As the cataclysmic Shattering wrecked Celmae, the orcs engaged in a horrid war with the newcomer elves, one that was waged for over a 100 years before the orcs had to concede defeat and retreat to the sea in 112 after the Shattering – and on the waves, the orcs stole ships, built up their armada and adapted…while those remaining in Brynndell took to the caves, often falling prey to the horrid realities of slavery they had once imposed upon the pink-skinned humans. The two deities with most influence on the orc people, Rellux and Shub-Niggurath, receive their respective full deity write-ups – as a minor complaint, shubby gets two favored weapons, which can provide minor hiccups in the favored weapon ability-based interaction. That being said, the write-ups per se are nice.
The pdf also provides a kind of “nation” – the Red Tens of Nasph – on the edge of the Shadowlands Desert, once enslaved by the Necrophites, a vast organized (as far as you can call orcs organized) force exists – the Bloody Army, and one forward camp of this vast host has been provided for your convenience. The pdf also provides the full stats of Koruv Nasph, the favored of Rullux, has his eye on expansion – but he may be up for a rude surprise when he tries to take the lands of the hobgoblins. The stats for this NPC have been provided – he clocks in at CR 13 and is a spelleater bloodrager 13. The statblock has some minor issues, but is better than most I have seen from Wayward Rogues Publishing.
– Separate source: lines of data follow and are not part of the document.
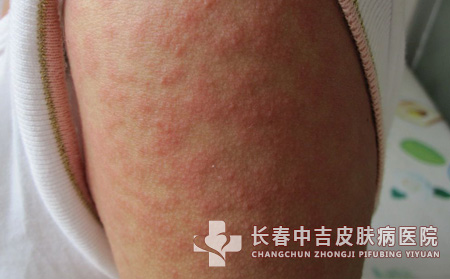 皮炎,皮炎症状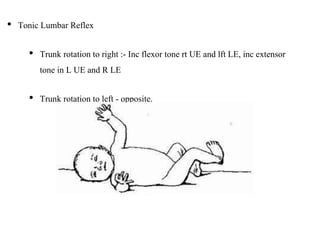 • Tonic Lumbar Reflex
• Trunk rotation to right :- Inc flexor tone rt UE and lft LE, inc extensor
tone in L UE and R LE
• Trunk rotation to left - opposite.
 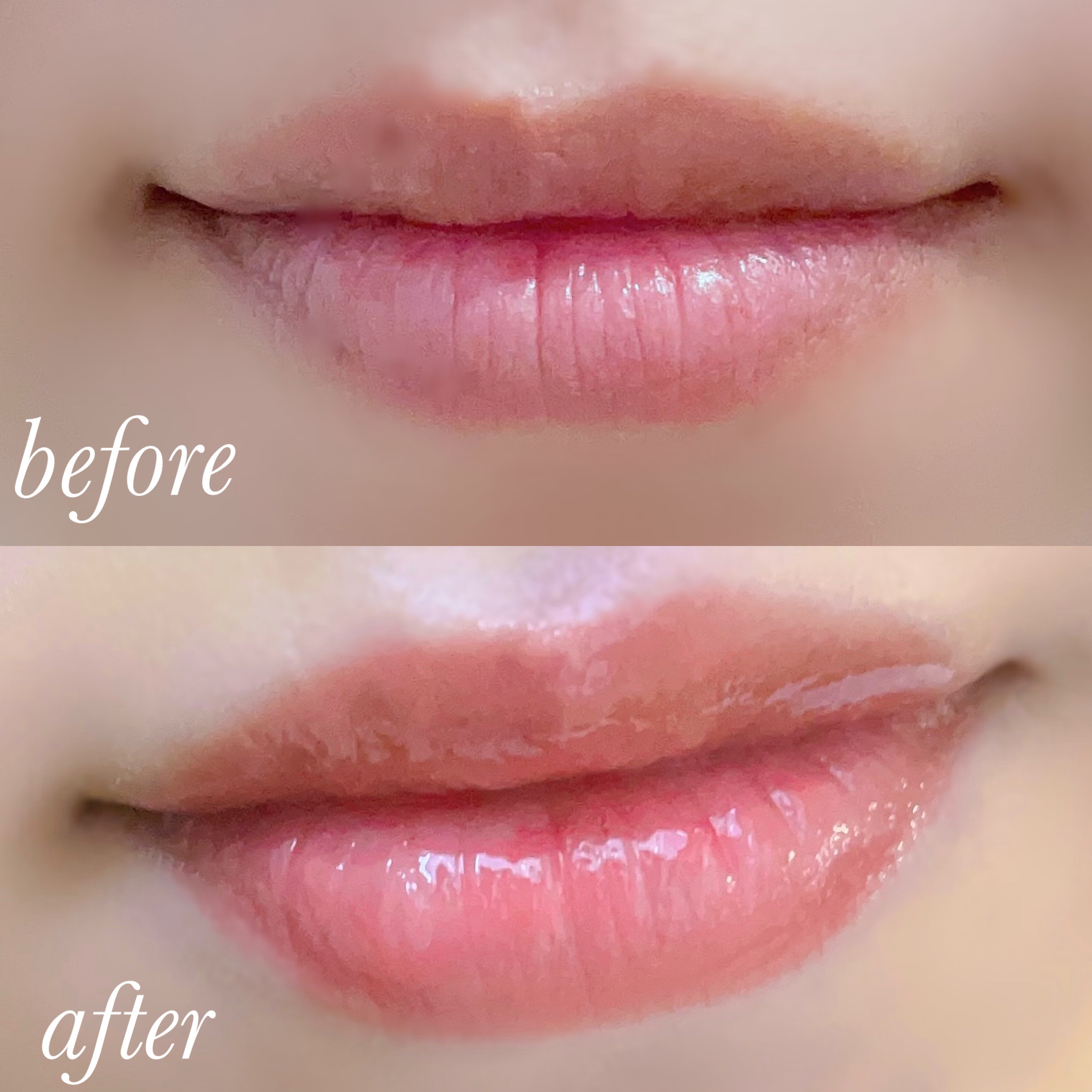 ドトムリッププラスプランパー 03 スプリングダーリン(SPRING DARLING)/keybo/リッププランパーを使ったクチコミ（2枚目）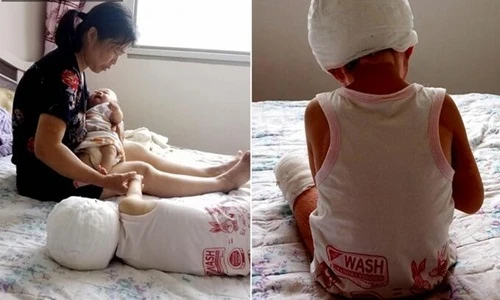 Chuyện lạ hôm nay: Mẹ đổ xăng đốt con và sự thật rợn người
Now, racial trait-wise, the orcs of Celmae generally are the standard orcs, but have the Dayrunner racial trait built into their standard. The pdf also sports an alternative version of the race, the ashen orc, who gets +4 Str, -2 Int, Wis and Cha, +2 to saves versus diseases and mind-influencing effects, ferocity, orc weapon familiarity, darkvision 60 ft., light sensitivity and negative energy affinity. Furthermore, they take no penalties from energy drain (he may still die) and after 24 hours, these are automatically removed. While just as lopsided as the regular orcs, that’s a design decision that was not made by Wayward Rogues Publishing and hence, I won’t penalize the pdf for it. The ashen orcs, while strong in undead-heavy campaigns, make sense as tied to the Ashen King and generally can be considered to be a flavorful alternative – if you allow regular orcs, these only represent a minor and situational power-increase, so no complaints on my end.
The pdf also contains 4 new archetypes, the first being the Blood-Wielder bloodrager. Instead of bloodline powers, these guys get Blood Weapon at 1st level: The orc can damage himself for 1 point of bleed damage – if already bleeding, he does not need to activate the ability thus. Unfortunately, the pdf does not specify what kind of action this self-inflicted damage is. Once bleeding, as a swift action, the blood-wielder can form blood into 10 pieces of ammunition, 5 light throwing weapons, 2 light one-handed weapons or one two-handed weapon. Oddly, RAW, regular one-handed weapons can’t be created. The blood-wielder can only create weapons he is proficient with and the weapons shatter when disarmed, dropped or sundered, but are considered masterwork quality. As a nitpick, this needs to specify the material the weapons are supposed to be for proper sunder interaction. At 3th level and every 4 levels thereafter, these blood weapons gain a “magical +1 bonus” – I get what this tries to do, but unfortunately, the wording, while understandable, is not precise enough. Instead of 2nd level’s uncanny dodge, the bloodrager no longer has to charge in a straight line while charging – only the final two squares must be in a straight line.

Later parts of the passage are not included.